It’s a fair assumption that beneath her, just out of sight from here, there are fat, screeching, sharp-toothed, blubber-faced worms being belched out into the container, through the wriggling rubber pipe, one by one.
Floodlit on either side, a high spike-topped steel fence lines the street, whose height is thus greater than its width. At the end of this sinister corridor, floating in the water beyond a guarded gate, is a bleak edifice with small square windows—a huge prison barge. On top of it, another floodlit fence with spikes contains a court where men are playing basketball. Others lean against the fence, staring down towards him. Male shouts burst and spill—perhaps at him, wedged here in full view, or maybe not, he cannot tell. He feels more than hears the slide and clang of metal bolts, the dead weight of concrete bruising blindly into bone […] his own gaze narrows to a skewer and he shivers at this glimpse of a world where he would not survive.
I’m deeply relieved to find him still wedged behind the cab of the tanker; though my relief is perhaps greater than his, because the tanker is now barrelling along at what feels to him like an unholy speed, north-east up Bruckner Avenue.

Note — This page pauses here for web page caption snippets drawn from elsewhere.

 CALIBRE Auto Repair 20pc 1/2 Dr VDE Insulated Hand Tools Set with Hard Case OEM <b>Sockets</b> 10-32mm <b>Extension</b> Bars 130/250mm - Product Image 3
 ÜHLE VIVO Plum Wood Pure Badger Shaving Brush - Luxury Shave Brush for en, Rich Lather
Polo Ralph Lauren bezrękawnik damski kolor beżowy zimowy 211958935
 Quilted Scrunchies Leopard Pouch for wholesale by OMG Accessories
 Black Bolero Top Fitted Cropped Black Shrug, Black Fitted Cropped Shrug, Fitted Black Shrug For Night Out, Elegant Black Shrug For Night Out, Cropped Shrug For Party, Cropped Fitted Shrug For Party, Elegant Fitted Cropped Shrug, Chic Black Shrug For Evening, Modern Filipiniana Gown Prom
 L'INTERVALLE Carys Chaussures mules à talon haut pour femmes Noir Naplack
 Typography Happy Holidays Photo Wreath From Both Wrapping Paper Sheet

Back among cars and activity and street lights now, he is also starting to feel rather too visible. This feeling grows alarmingly when the tanker slows to join the Bronx River Parkway, a car draws up alongside him and he glimpses a horrid vision, down beside him: a large family crammed into a tiny space, with leaping dogs, bawling children and loud inane voices on a radio. “Nightmare,” he thinks. “I’d sooner choose that prison barge.” Even more distressingly, two horrible gum-chewing children in the back seat have seen him and are now fighting over how to wind the window down. They hit each other, then are hit in turn by a parent… Scorpio drums his silver fingernails tightly on a metal strut and listens with impatience for the sound of vehicles moving up ahead. If the vermin succeed in winding the window down and start shouting up at him, then Kev will notice and probably investigate matters and discover him. He glances down, observes that the fight is still in progress, and catches for an instant the grinning semi-focused gaze of one child: passionless, compassionless, thoughtless and sealed-off, without imagination or real curiosity, and safely protected from the danger of wonder, it makes him laugh mirthlessly aloud.

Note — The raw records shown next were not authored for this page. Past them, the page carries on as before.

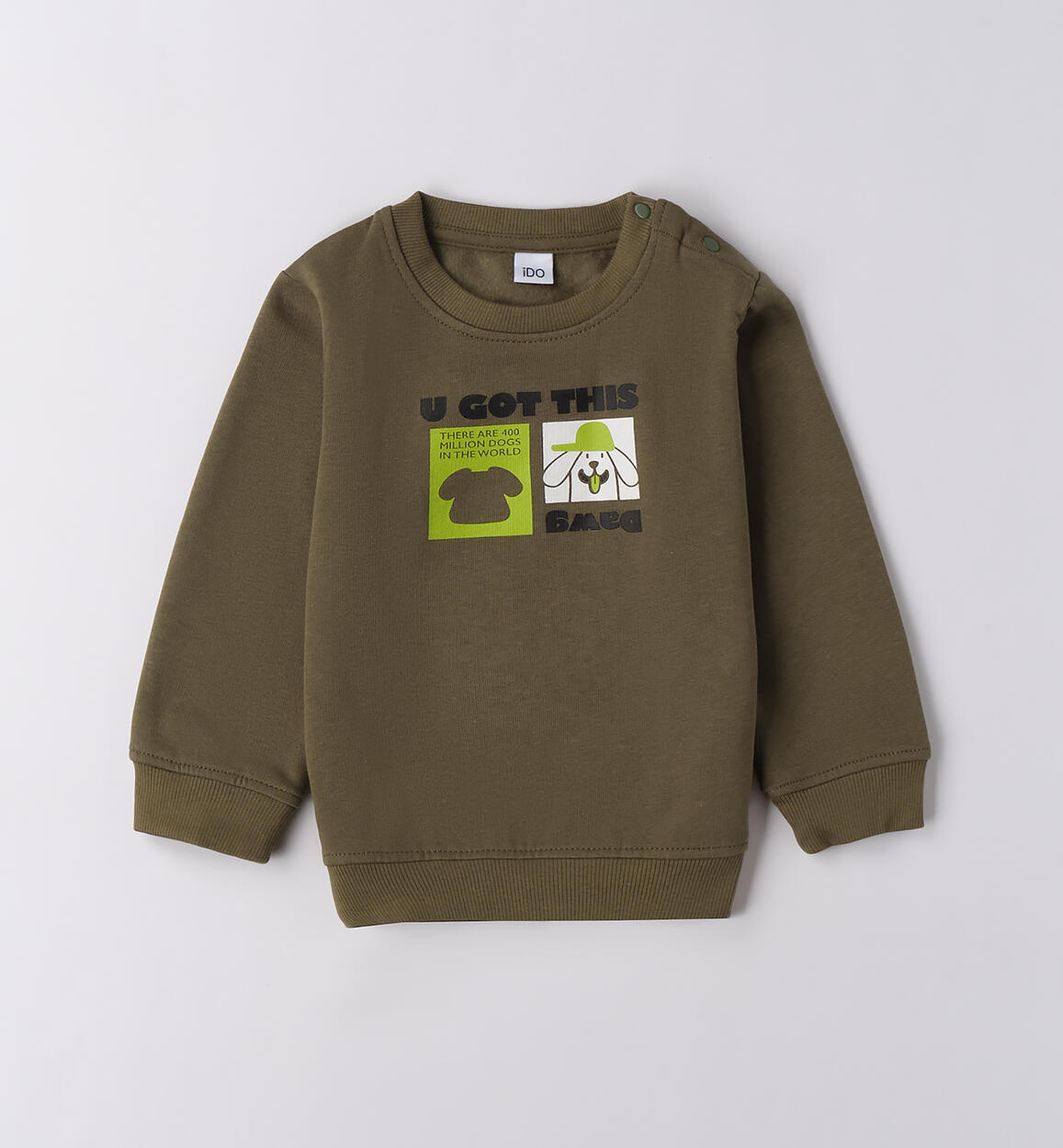 Felpa girocollo bambino VERDE iDO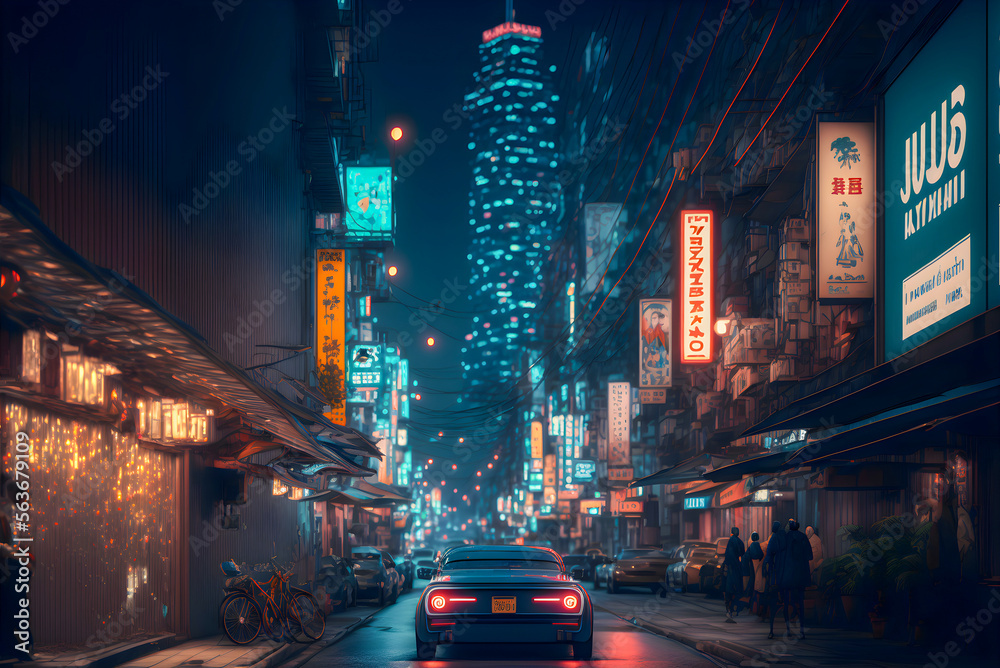 Retro futuristic Tokyo by night, hand drawn illustration Generative AI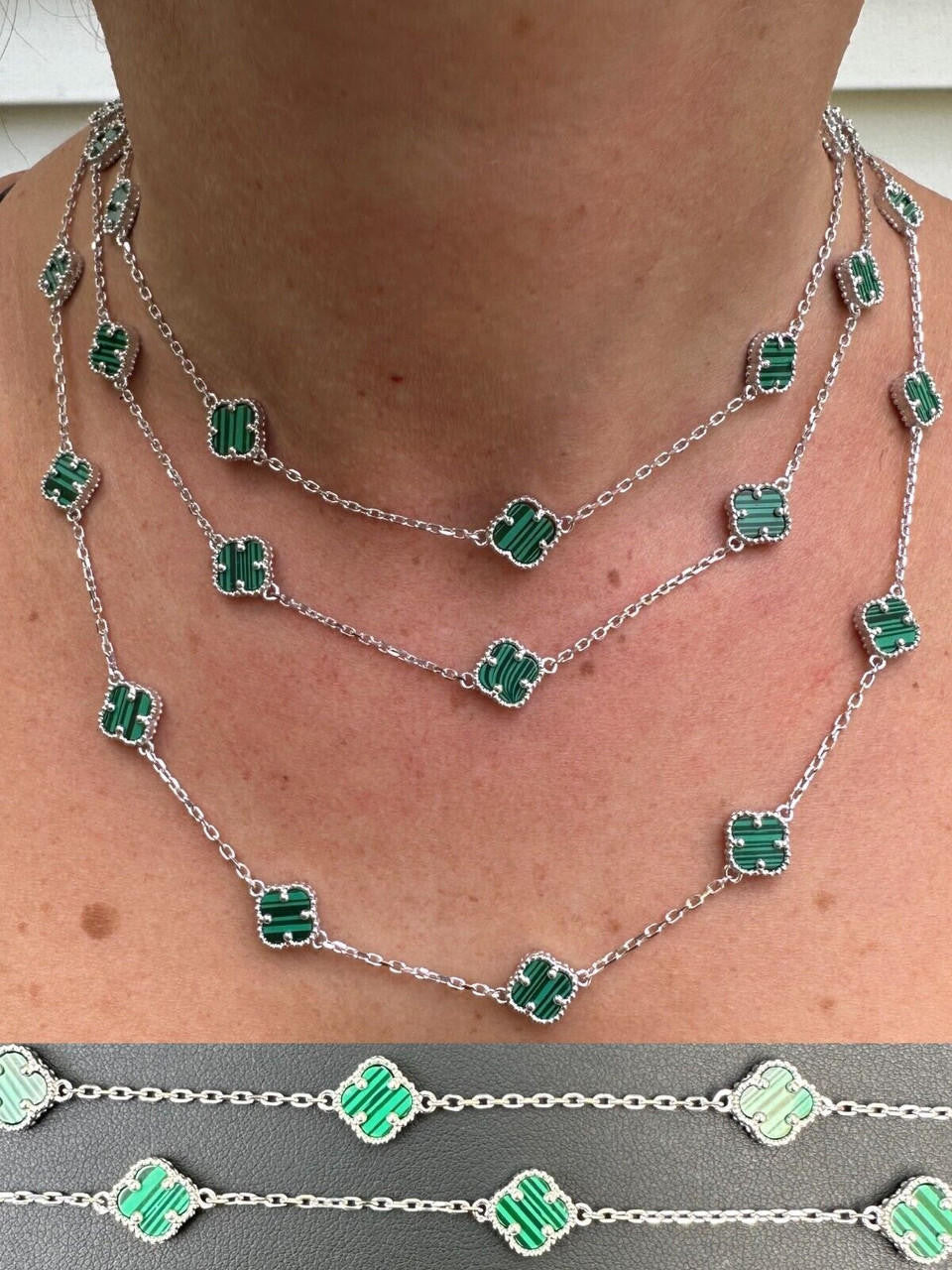 Cleef Clover Link Chain Necklace Or Bracelet Natural Green Malachite Motifs - 925 Sterling Silver - 5.5"-24"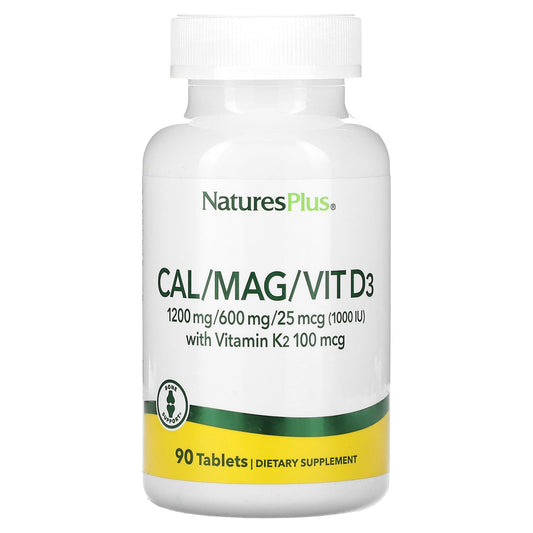 NaturesPlus, Cal/Mag/Vit D3 with Vitamin K2, 90 Tablets - Image 1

Still he drums his fingernails, and still the traffic isn’t moving—yes it is, at last! One more glance down, and this time he catches just his own form reflected on the window, behind which the dreary family squabble carries on: clutching at his metal niche, his long black hair spilling out along his bare arms and round his fully made-up face (now a little smudged), he reminds himself of a manic dark monkey staring hatred out of wide-burning, silver-shadowed eyes. He laughs aloud a second time, and watches his reflected hand dip into his shoulder-bag and reach out a catapult. As the tanker revs its engine in readiness to move, he aims the weapon at the child, pulls back the elastic and shoots the little stone. For a split second Scorpio sees his own reflected face snarling up with a feral sensuality and glee, before it cracks at the window’s burst and falls into the screaming child’s blood-spattered lap, along with a lapful of broken glass.
Firing up its engine, with a roar that drowns the scream and the blaring of the car’s horn, the tanker presses grimly up the ramp to the Parkway. Its slimy cargo sucks hard, swilling at the warm black metal just beside his ears; and close behind his smooth and delicate neck, those screeching teeth…

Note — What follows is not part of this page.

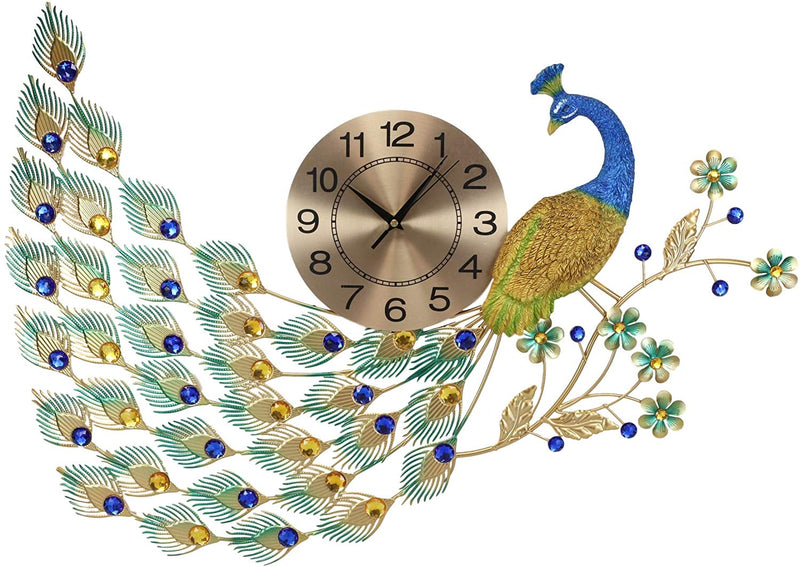 Ebros 30" Wide Large Iridescent Peacock Gold Plated Metal Wall Clock Analog Face - Ebros Gift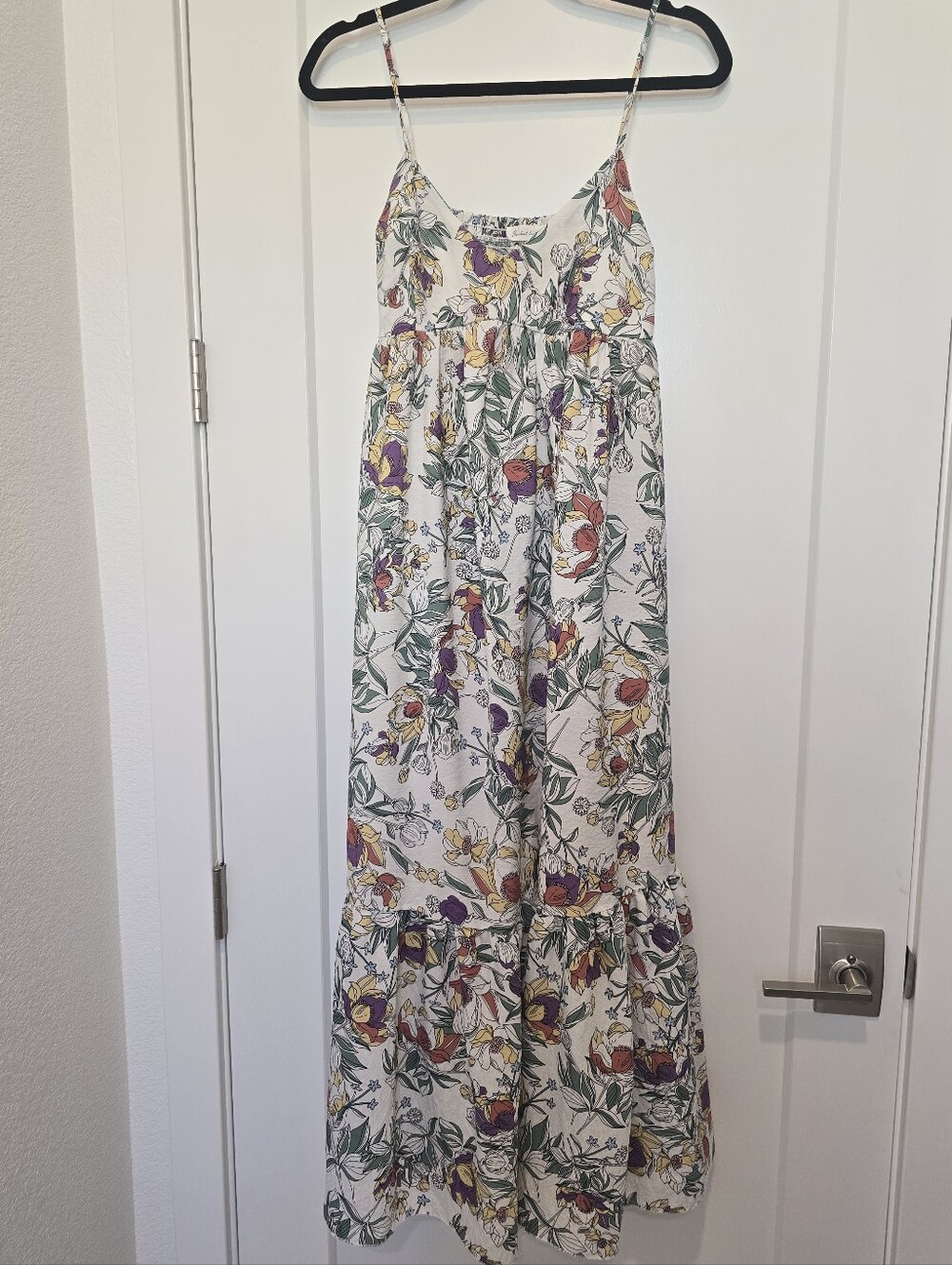 BUCKETLIST White Floral V-Neck Maxi Dress with Yellow & Purple Blooms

Now the preacher steps on the gas with a vengeance. Two metres down through the truck’s articulation, Scorpio can see the roadway streaking by at sixty, seventy, eighty miles an hour. On his left, beyond the barrier, white lights zing by at twice these speeds, while the red lights on his right fall slowly behind. As the warm air buffets his ears and lashes his hair about, the tanker hurtles on, over and under the streets and expressways of Bruckner and West Farms, streaking through the Gardens and past the Woodlawn Cemetery. It exits the Parkway and the Bronx at last, slows down, turns off Hillview Avenue and heads up a track discreetly signed “Hillview Reservoir”.